Development Studies and PYAM Seminar: Uma Kothari 26.09.2018

Wednesday 26 September from 10-12 pm at Metsätalo, room 27

Encountering Europe Otherwise: On the road with postcolonial travellers

Uma Kothari

Professor of Migration and Postcolonial Studies, Global Development Institute, University of Manchester

Vice-Chancellors Fellow, School of Geography, University of Melbourne

With adventure, exploration and travel primarily conceived of as a Euro-American privilege, travellers in the past were identified as those who embarked on voyages motivated by imperial, educational and recreational imperatives. Empire tourism, a specific form of travel that emerged to enable western tourists to experience the landscapes and people written about by earlier travellers, subsequently fueled the production of colonial imaginaries about other people and places. These travel stories, along with academic accounts, have entrenched highly Eurocentric theories about tourism and travel. Drawing on an extended road trip from England to India undertaken by two non-European, Indian travellers in the 1950s this paper challenges this privileging of western tourists and dominant narratives of travel. It highlights the entangled relationships and connections that generated the encounters, experiences and understandings that emerged during their journey. The swirl of larger events and processes that conditioned their travel routes testify to a different era of globalisation in which distinctive connections were being sought and wrought while others were diminishing. As such, their trip, which took place in a specific geo-political and decolonising context, illuminates shifting colonial imaginaries and the forging of new postcolonial networks and their story foregrounds the neglect of non-western forms of mobility.

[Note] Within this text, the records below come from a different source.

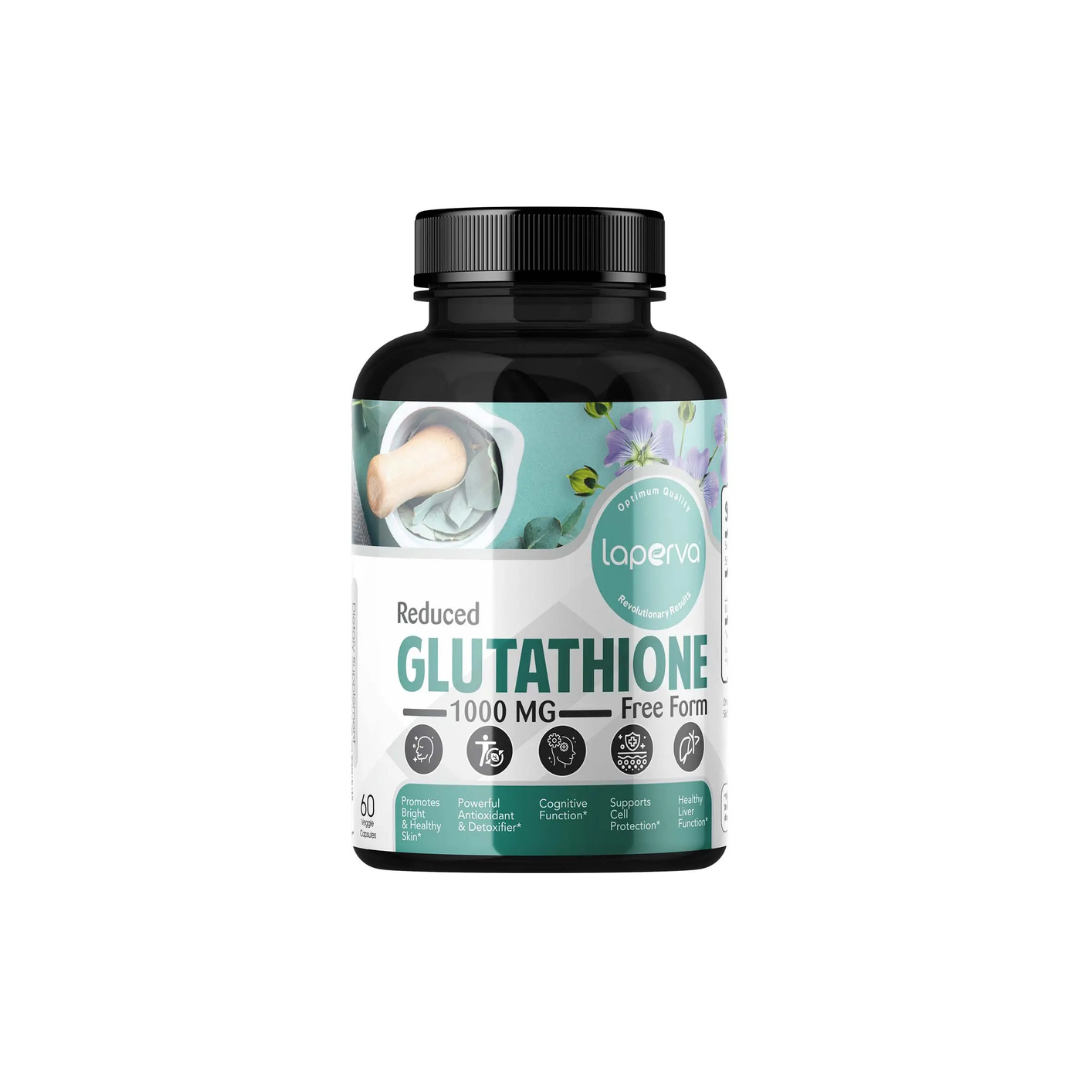 Laperva Reduced Glutathione 1000 mg 60 Veggie Capsules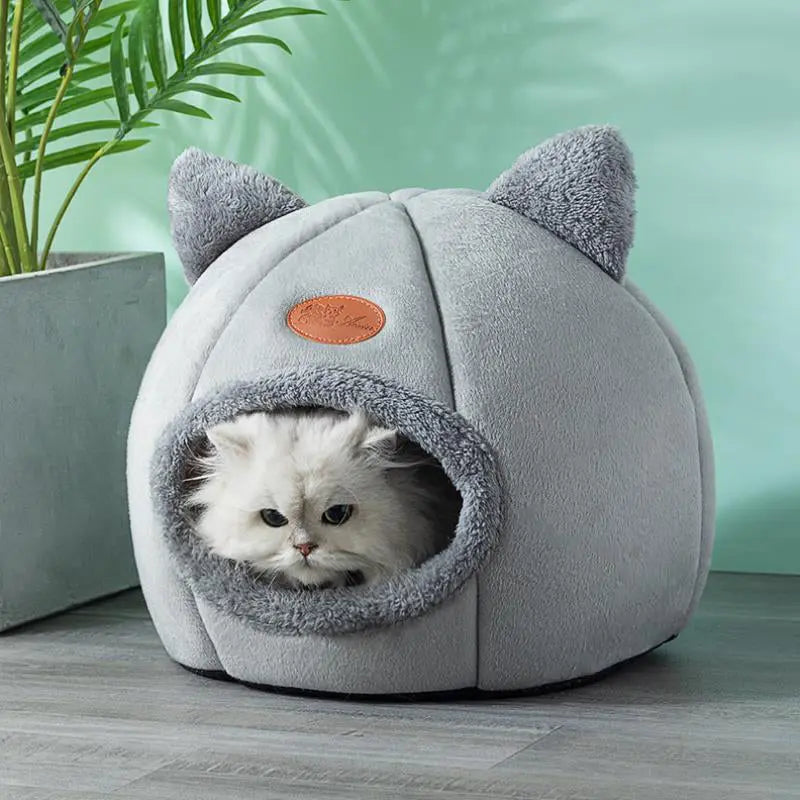 Cozy House Bed with Cat Ears - The Purrfect Comfort Companion WLP Company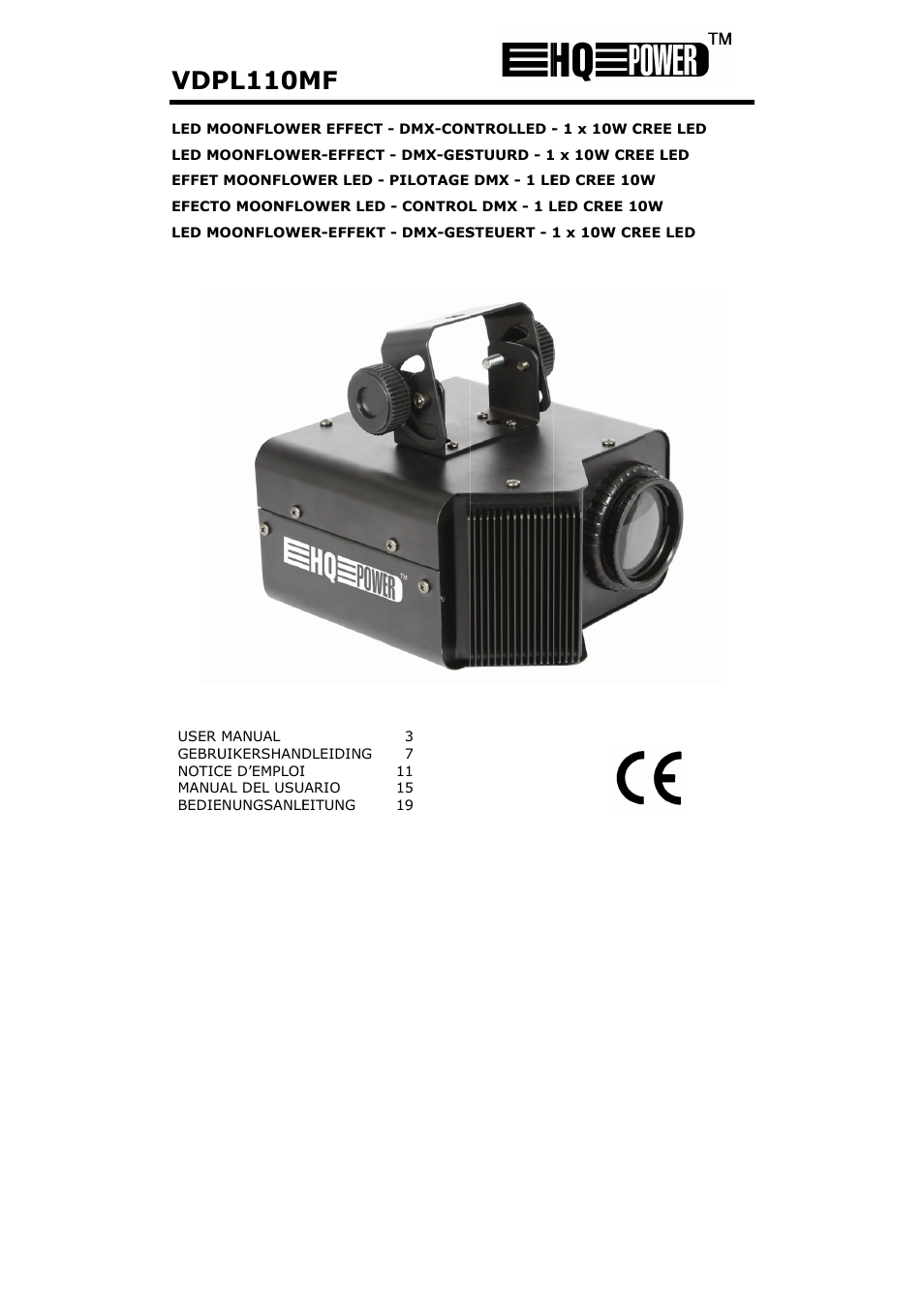 Velleman VDPL110MF User Manual | 24 pages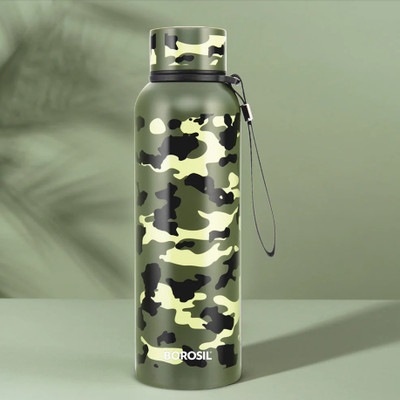 BOROSIL 700 ml Steel Bottle(Pack of 1, Green)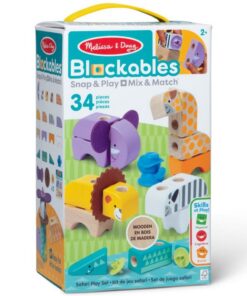 Melissa & Doug Blockables Safari Set 34-delig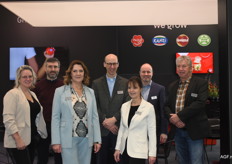 Het team van EFC was klaar voor de tweede beursdag. Hier vlnr: Karen van Dijk, Hans Goossens, Ilse Hayen, Jan Willem Verloop, Esther Dworak, Markus Bieser, Ronald Vermeulen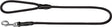 Hunter looplijn freestyle nylon rond zwart - hondenriem - 110x1 cm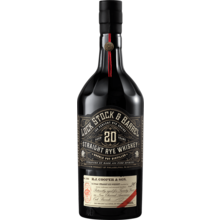 Product image for  Lock Stock & Barrel Rye Whiskey 20 Year Old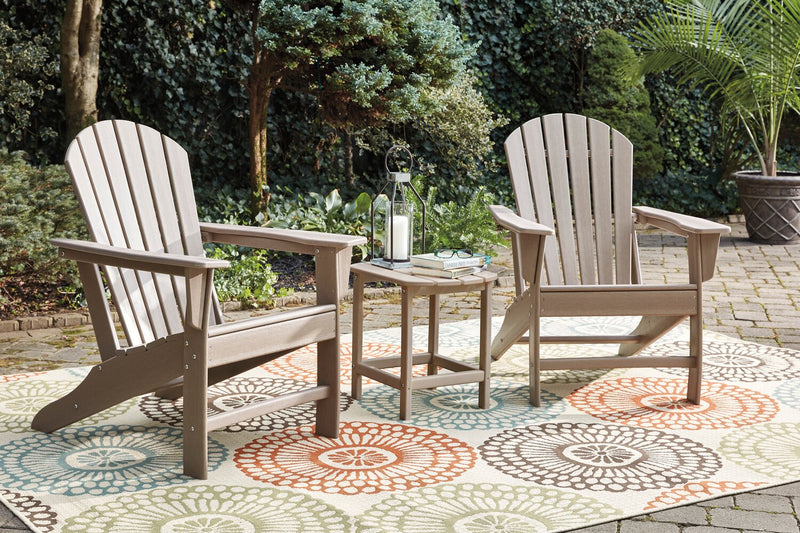 Chaise Adirondack Bask pour la terrasse à l’extérieur - plastique à haute densité, résistante aux rayons UV et aux intempéries - taupe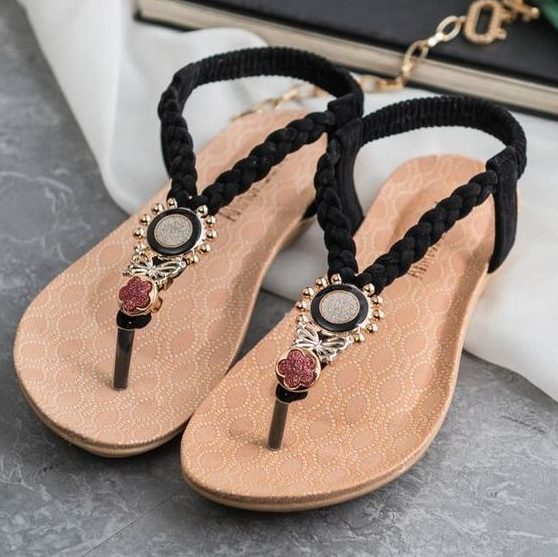 T-strap sandals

Uma Kothari is Professor of Migration and Postcolonial Studies in the Global Development Institute, University of Manchester. She is the co-founder of the Manchester Migration Lab and is currently Vice-Chancellor’s Fellow at the University of Melbourne. She is the principal investigator on an ESRC funded project on Environmental Violence and Everyday Lives and her current work includes research on Visual Solidarity and Everyday Humanitarianism and A Cultural History of the Mission to Seafarers. She has published numerous articles and her books include Participation: the new tyranny?,  Development Theory and Practice: critical perspectives, and A Radical History of Development Studies. She is co-editor of the Frontiers of Development book series published by Oxford University Press and is the Vice President of the European Association of Development. She is on the advisory board of In Place of War, a support system for community artistic, creative and cultural organisations in places of conflict and a Fellow of the Academy of Social Sciences. She was conferred the Royal Geographical Society’s Busk Medal for her contributions to research on global development.